Our counterexample is going to be the following: We define f : X → Y by f(p)=q and g : Y → Z by g(q)=g(r)=s. Let’s do this.

open X Y Z

def f : X → Y
| p := q

def g : Y → Z
| q := s
| r := s

As a mathematician I find the use of the | symbol quite intimidating (especially that we are now using it in a different way), but given that I’ve told you what we’re doing and now I’m telling you how we are doing it, you can probably guess what it all means. One can now go ahead and state the result:

open function

example : ¬ (∀ (X Y Z : Type) (f : X → Y) (g : Y → Z),
  injective (g ∘ f) → injective g) :=

and now if you fancy proving a mathematical theorem by playing a puzzle game, you can click here to get all the code at once, and have a go. Instead of talking about the proof though, I want to talk about the rather surprising (at least to me) fact that Lean is defining f and g by recursion.

What happens when we define an inductive type?

What happens under the hood when Lean sees this code

inductive X : Type
| p : X

is quite surprising (at least to me as a mathematician). I’ve been arguing above that we should think of this code as saying “Let X := \{p\} be a set with one element”. But here’s what’s really going on when Lean sees this code. Unsurprisingly, Lean defines a new type X and a new term p (or more precisely X.p) of type X. It also defines one more new thing, which expresses that p is the only element of X. But the way it does this is surprising: it defines the so-called recursor for X, which is the following statement:

X.rec : ∀ {C : X → Sort u}, C p → (∀ (x : X), C x)

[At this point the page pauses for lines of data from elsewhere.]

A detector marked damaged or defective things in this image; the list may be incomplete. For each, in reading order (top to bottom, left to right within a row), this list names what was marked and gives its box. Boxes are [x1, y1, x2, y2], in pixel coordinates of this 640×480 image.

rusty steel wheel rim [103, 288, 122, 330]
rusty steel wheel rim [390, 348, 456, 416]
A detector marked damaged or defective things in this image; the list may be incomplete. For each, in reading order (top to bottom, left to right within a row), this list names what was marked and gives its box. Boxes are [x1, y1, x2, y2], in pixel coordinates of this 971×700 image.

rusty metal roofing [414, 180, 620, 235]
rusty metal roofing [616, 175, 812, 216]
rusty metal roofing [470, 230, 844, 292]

Whatever does that mean? Well first I think I’d better explain what this Sort u thing is. I’ve written in the past an explanation of how sets and their elements, and theorems and their proofs, are unified in Lean’s type theory as types and their terms. The sets/elements story goes on in the Type universe, and the theorems/proofs story goes on in the Prop universe. When Lean says Sort u it means “either of these universes”. So we can rewrite X.rec as two statements:

X.recursor : ∀ {C : X → Type}, C p → (∀ (x : X), C x)
X.inductor : ∀ {C : X → Prop}, C p → (∀ (x : X), C x)

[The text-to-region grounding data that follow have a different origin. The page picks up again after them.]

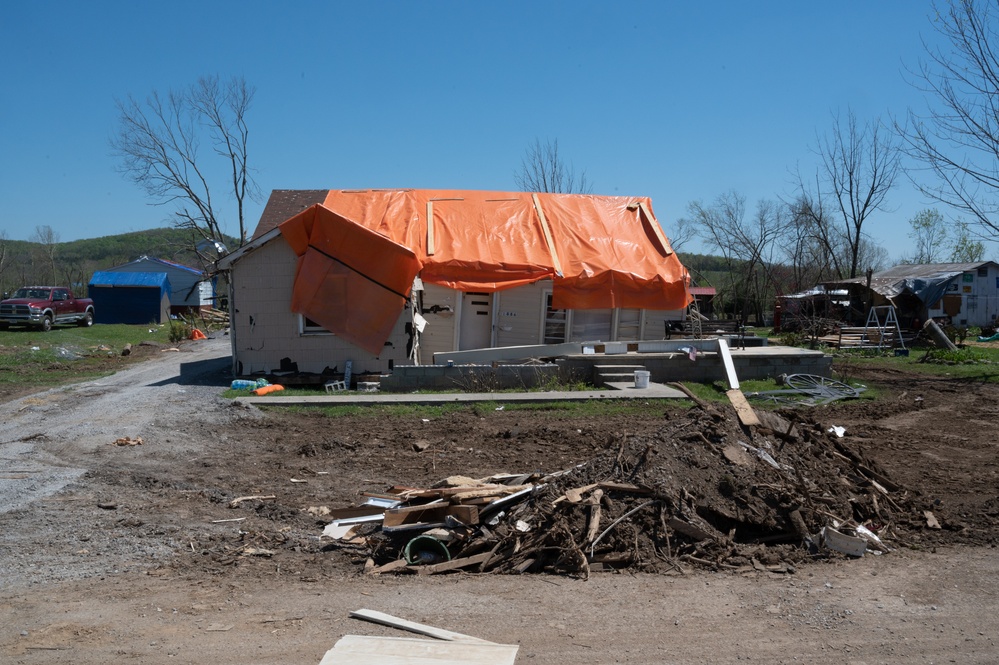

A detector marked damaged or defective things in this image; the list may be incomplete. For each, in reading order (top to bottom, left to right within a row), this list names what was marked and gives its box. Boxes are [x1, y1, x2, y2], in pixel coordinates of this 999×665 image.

damaged house [215, 189, 692, 382]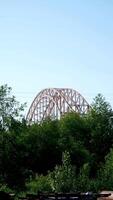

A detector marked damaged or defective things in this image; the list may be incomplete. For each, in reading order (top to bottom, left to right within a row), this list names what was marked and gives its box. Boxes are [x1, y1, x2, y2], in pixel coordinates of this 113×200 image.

rusty metal arch [26, 88, 90, 123]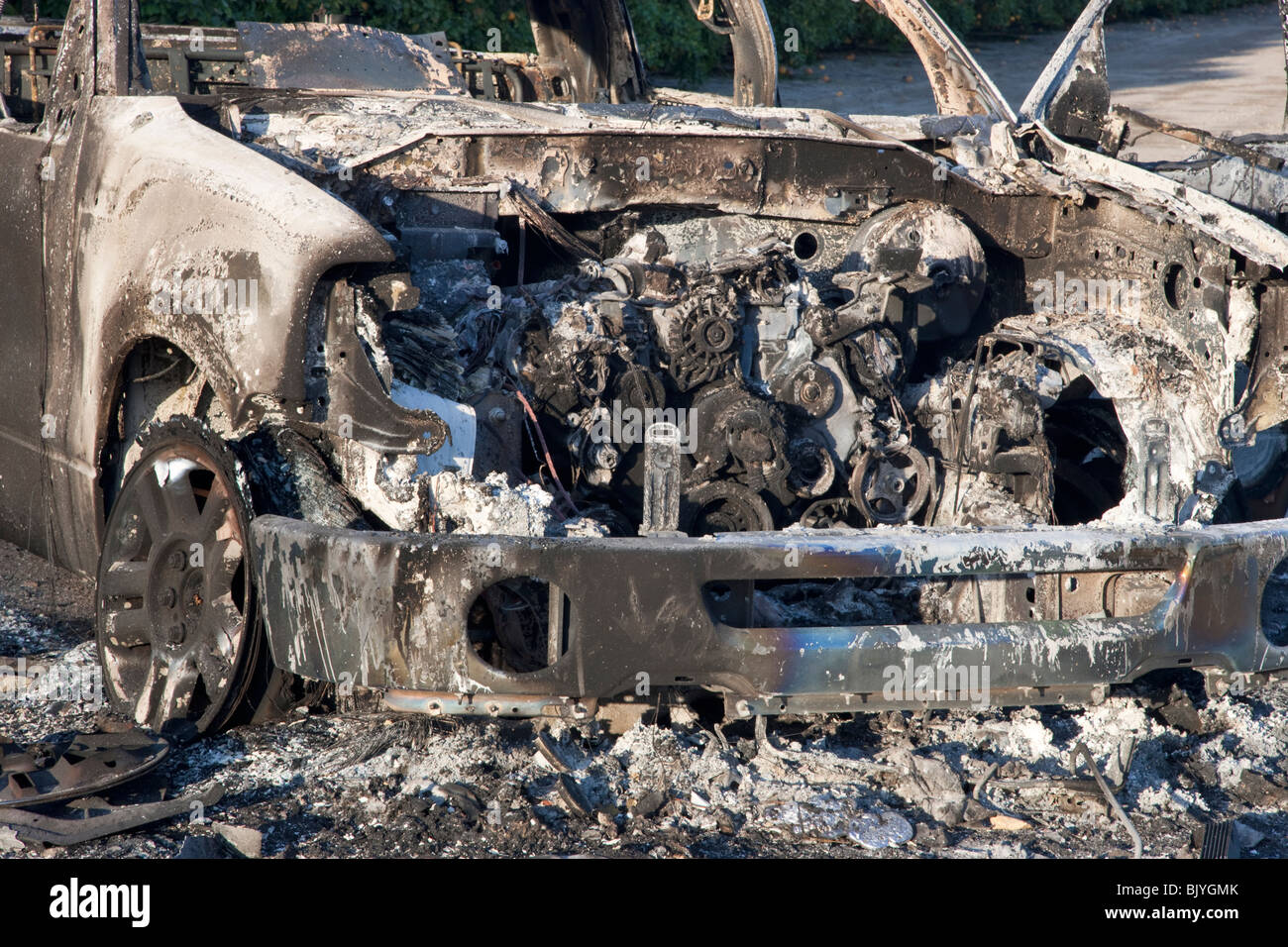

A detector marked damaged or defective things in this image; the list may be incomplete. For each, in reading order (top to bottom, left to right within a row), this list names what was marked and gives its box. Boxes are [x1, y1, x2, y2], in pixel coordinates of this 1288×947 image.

second burnt vehicle [2, 0, 1288, 731]
burnt car [2, 0, 1288, 731]
charred car body [2, 0, 1288, 731]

The first statement is the principle of recursion for X. In set-theoretic language it says this. “Let’s say that for every element x of X we have a set C(x), and let’s say we have an element of C(p). Then we have a method of constructing an element of C(x) for all x \in X.” This looks like a rather long-winded way of saying that p is the only element of X. In fact it is worth looking at the special case of X.recursor where C is the constant function sending every element of X to the set S:

X.recursor_constant : ∀ S, S → (X → S)

This says that if S is any set, and we have an element a of S, then we can get a function from X to S. What is unsaid here, but true by definition, is that it’s the function that sends p to S, as can be checked thus:

-- give X.rec the constant function C sending everything to S
def X.recursor_constant : ∀ S, S → (X → S) := λ S, @X.rec (λ x, S) 

example (S : Type) (a : S) : (X.recursor_constant S a) p = a :=
  -- true by definition

Do you remember our definition of f above?

def f : X → Y
| p := q

This function f is defined using X.recursor_constant, letting S be Y and letting the element of S be q. The notation Lean uses is short, but under the hood this is how f is constructed.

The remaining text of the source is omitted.